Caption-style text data
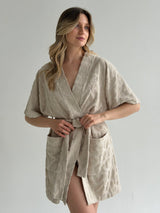 Short terry jacquard flower bathrobe beige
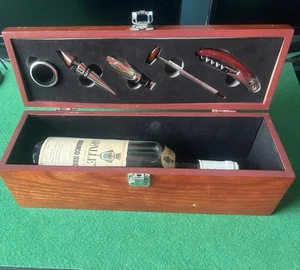 Cassetta Vino in Legno + SET 4PZ Apri Bottiglia, Tappo, Dosatore - Foto 1 di 3
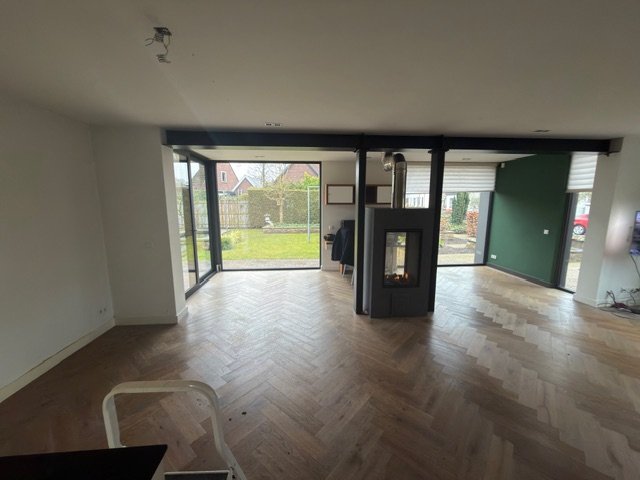 Laatste week in Nederland: Verhuizen, sociaal marathonweekend en administratiekamp in één 😁📦📄 leeghuis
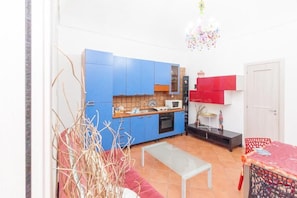 Family Apartment, Balcony, Courtyard View | Interior - B&B L'INFIORESCENZA (Syracuse)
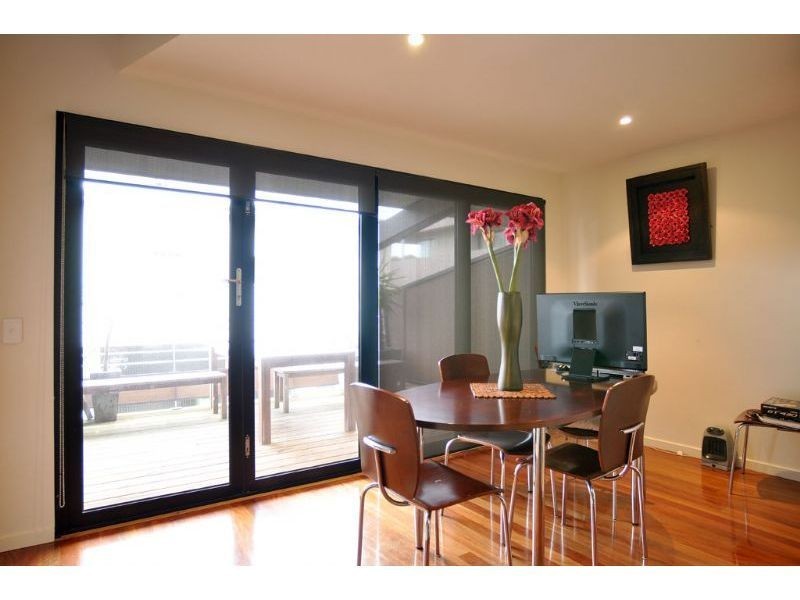 1/4 Beaton Place, Inverloch VIC 3996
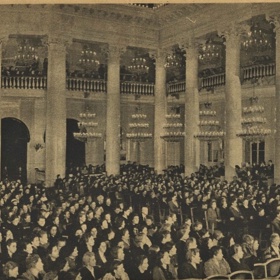 Sovětské ženy se v předvečer MDŽ scházely ve Sloupovém sále Domu svazů, aby si poslechly projevy svých soudružek, představitelek svazů. Dobový tisk píše, že „s radostí a vděčností přijímaly telegramy, kterými je zdravily ženy celého demokratického světa a zasílaly stejné telegramy do jiných zemí."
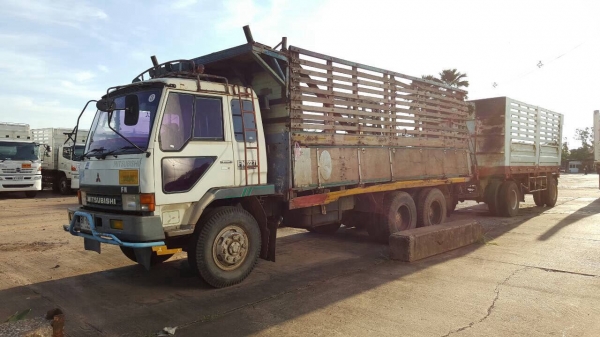 ขายรถพ่วง แม่-ลูกไม่ดั้ม ไอ้หลง FN527M-TD คัสซีสวยตลอดเส้น เครื่องเดิม 6D16 195 แรงม้า เกียร์เดิม 10 สปีด เบรคใหญ่ เพลาบุ๋ม ทะเบียนพร้อมโอน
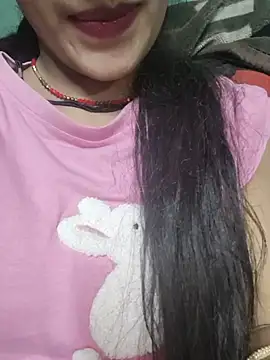 Snapshot of Eshwari_Chopra chatting on May 29, 2026, 4:24 pm Eshwari Chopra online show from May 29, 2026, 4:24 pm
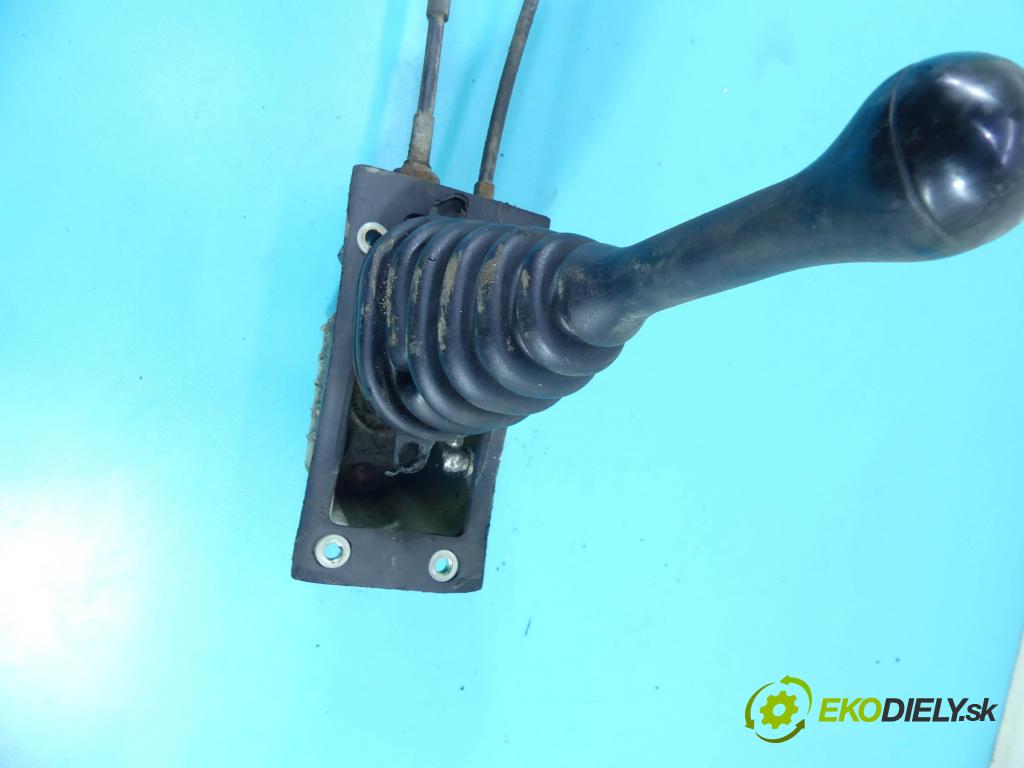 Fiat Seicento 0.9 39 HP manual 29 kW 899 cm3 3- Páka: Změny: stupeň,rýchlosť  (Rýchlostné páky / kulisy)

> _WORK TO BE COMPLETED_
Would you print all the entries again exactly, minus any pictures?

> _RESPONSE TO THE TASK_
 Short terry jacquard flower bathrobe beige
 Cassetta Vino in Legno + SET 4PZ Apri Bottiglia, Tappo, Dosatore - Foto 1 di 3
 Laatste week in Nederland: Verhuizen, sociaal marathonweekend en administratiekamp in één 😁📦📄 leeghuis
 Family Apartment, Balcony, Courtyard View | Interior - B&B L'INFIORESCENZA (Syracuse)
 1/4 Beaton Place, Inverloch VIC 3996
 Sovětské ženy se v předvečer MDŽ scházely ve Sloupovém sále Domu svazů, aby si poslechly projevy svých soudružek, představitelek svazů. Dobový tisk píše, že „s radostí a vděčností přijímaly telegramy, kterými je zdravily ženy celého demokratického světa a zasílaly stejné telegramy do jiných zemí."
 ขายรถพ่วง แม่-ลูกไม่ดั้ม ไอ้หลง FN527M-TD คัสซีสวยตลอดเส้น เครื่องเดิม 6D16 195 แรงม้า เกียร์เดิม 10 สปีด เบรคใหญ่ เพลาบุ๋ม ทะเบียนพร้อมโอน
 Snapshot of Eshwari_Chopra chatting on May 29, 2026, 4:24 pm Eshwari Chopra online show from May 29, 2026, 4:24 pm
 Fiat Seicento 0.9 39 HP manual 29 kW 899 cm3 3- Páka: Změny: stupeň,rýchlosť  (Rýchlostné páky / kulisy)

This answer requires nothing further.